All three publicly traded U.S. online travel agencies - Expedia, Orbitz Worldwide and Priceline.com - have warned that downsizing efforts by carriers could hurt other travel businesses.
None predicted a specific impact on their industry, but at least one expert said the implication was clear.
"We expect it to hurt" online travel agencies "because it could lead to higher air pricing, which could deter travel," said Marianne Wolk, an analyst at Susquehanna Financial Group.
Cuts in capacity are certain to put a crimp in U.S. air travel sales, she said, adding, "there should be a secondary negative impact on travel over all."
The trouble stems from a crisis in the airline industry resulting from soaring fuel prices that have not been completely offset by higher ticket prices, which has led to steep quarterly losses for carriers.
Major airlines like American Airlines and United Airlines have responded by downsizing in an effort to reduce their spending and generate higher fares.
American has promised to shrink its U.S. capacity by up to 12 percent in the fourth quarter, while United has said it will cut its fourth-quarter mainline capacity by up to 16.5 percent.
Airlines also have angered travelers by introducing fees for items and services like in-flight refreshments, baggage checks and even pillows that once were complimentary.
But it is not just passengers who will share the pain. The entire travel industry will feel the effects, online travel leaders say.
"We would expect the capacity cuts coming up in Q3 and Q4 to continue to push air fares higher, putting ongoing pressure on ticket volumes," Mike Adler, chief financial officer at Expedia, said during a conference call in July.
Jerry Boyd, chief executive of Priceline, said during a conference call this week, "As most publicly traded travel companies have reported, economic uncertainty and high fuel prices are affecting the broad travel market, and significant airline capacity reductions in the fall will also have a negative impact."

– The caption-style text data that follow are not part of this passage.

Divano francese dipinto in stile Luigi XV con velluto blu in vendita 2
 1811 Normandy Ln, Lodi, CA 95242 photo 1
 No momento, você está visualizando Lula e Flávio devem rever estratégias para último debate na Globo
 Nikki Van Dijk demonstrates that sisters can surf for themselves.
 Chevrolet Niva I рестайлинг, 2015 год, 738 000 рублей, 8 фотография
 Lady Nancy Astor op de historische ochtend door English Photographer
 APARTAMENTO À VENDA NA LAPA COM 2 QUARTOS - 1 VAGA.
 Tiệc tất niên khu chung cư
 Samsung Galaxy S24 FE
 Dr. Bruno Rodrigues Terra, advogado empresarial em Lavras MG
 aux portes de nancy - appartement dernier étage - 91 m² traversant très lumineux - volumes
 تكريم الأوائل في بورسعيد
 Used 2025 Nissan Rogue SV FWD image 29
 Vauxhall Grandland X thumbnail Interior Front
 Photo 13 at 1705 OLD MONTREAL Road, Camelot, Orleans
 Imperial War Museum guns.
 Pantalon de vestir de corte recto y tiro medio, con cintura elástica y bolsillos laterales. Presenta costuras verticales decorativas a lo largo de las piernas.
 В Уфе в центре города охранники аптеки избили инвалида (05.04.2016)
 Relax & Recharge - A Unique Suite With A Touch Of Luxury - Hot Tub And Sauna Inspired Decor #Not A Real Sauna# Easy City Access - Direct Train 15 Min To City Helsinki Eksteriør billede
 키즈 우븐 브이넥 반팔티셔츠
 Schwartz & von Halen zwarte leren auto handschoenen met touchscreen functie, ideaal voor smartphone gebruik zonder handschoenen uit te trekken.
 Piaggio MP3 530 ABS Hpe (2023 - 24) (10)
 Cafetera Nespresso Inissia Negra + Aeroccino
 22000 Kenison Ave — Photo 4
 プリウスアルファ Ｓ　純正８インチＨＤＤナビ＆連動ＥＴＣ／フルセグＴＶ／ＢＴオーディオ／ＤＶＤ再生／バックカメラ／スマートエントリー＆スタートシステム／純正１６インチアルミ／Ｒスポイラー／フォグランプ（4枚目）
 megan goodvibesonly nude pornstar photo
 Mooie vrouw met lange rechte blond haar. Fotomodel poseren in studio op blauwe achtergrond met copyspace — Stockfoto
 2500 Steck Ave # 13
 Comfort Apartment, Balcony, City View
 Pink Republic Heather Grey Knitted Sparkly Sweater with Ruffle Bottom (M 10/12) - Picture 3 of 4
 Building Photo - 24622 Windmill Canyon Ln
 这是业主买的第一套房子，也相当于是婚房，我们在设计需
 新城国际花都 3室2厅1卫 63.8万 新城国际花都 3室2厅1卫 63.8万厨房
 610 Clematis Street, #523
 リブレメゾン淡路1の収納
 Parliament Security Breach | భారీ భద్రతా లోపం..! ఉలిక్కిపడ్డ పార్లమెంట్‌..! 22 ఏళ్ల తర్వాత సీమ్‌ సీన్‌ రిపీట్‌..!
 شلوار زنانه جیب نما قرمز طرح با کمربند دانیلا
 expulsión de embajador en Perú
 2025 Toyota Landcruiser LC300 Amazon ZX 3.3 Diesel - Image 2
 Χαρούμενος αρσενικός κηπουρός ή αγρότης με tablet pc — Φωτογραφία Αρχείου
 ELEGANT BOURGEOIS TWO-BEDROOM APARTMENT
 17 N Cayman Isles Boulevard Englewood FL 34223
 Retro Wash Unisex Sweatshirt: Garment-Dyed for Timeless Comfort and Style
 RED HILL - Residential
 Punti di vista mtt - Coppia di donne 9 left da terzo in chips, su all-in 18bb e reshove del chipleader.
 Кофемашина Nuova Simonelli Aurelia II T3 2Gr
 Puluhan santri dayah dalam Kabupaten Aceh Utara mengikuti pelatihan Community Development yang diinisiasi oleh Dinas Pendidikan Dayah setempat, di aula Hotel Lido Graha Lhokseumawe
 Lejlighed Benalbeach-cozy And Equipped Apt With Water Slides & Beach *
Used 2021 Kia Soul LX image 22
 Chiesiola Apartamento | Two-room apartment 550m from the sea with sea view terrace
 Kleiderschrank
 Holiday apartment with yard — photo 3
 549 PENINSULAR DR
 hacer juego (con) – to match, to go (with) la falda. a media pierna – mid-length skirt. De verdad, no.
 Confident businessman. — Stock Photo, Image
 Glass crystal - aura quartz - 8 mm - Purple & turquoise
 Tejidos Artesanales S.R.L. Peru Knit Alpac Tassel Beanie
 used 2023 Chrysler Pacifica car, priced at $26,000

Wolk, the Susquehanna analyst, said the best defense against weakness in U.S. air travel bookings was to diversify operations.
U.S. travel companies that have operations across Europe and Asia, for example, are better insulated against trauma in the domestic market.
She added that Orbitz had a higher dependence on the U.S. market than Expedia and Priceline, saying that 80 percent of Orbitz's business was derived from domestic air bookings.
Expedia and Priceline each reported a net profit for the second quarter as well as growth in U.S. bookings. Orbitz, on the other hand, posted a quarterly net loss of $5 million on Wednesday and said its domestic bookings dipped 1 percent.
Orbitz's chief executive, Steve Barnhart, acknowledged that the company leaned heavily on U.S. air bookings.
But he said only 21 percent of Orbitz's revenue was driven by domestic leisure bookings.
Leisure routes will see more capacity cuts and fare increases than routes frequented by well-heeled business travelers, he said.
"I think the broader point is that the actual revenue we get from the markets that are being impacted by these capacity cuts is relatively modest compared with our overall business size," Barnhart said during an interview.
He said the company was diversifying its businesses further by beefing up its revenue from advertising and international bookings.
Barnhart said no one knew exactly how the capacity cuts by airlines would affect online travel agencies.
Travelers may decide to drive instead of fly, or they may try to find online bargains in lodging and entertainment to offset the higher air fares.
"How it flows through will depend a lot on how consumers will react," Barnhart said.
"Clearly there has to be some downward pressure on travel."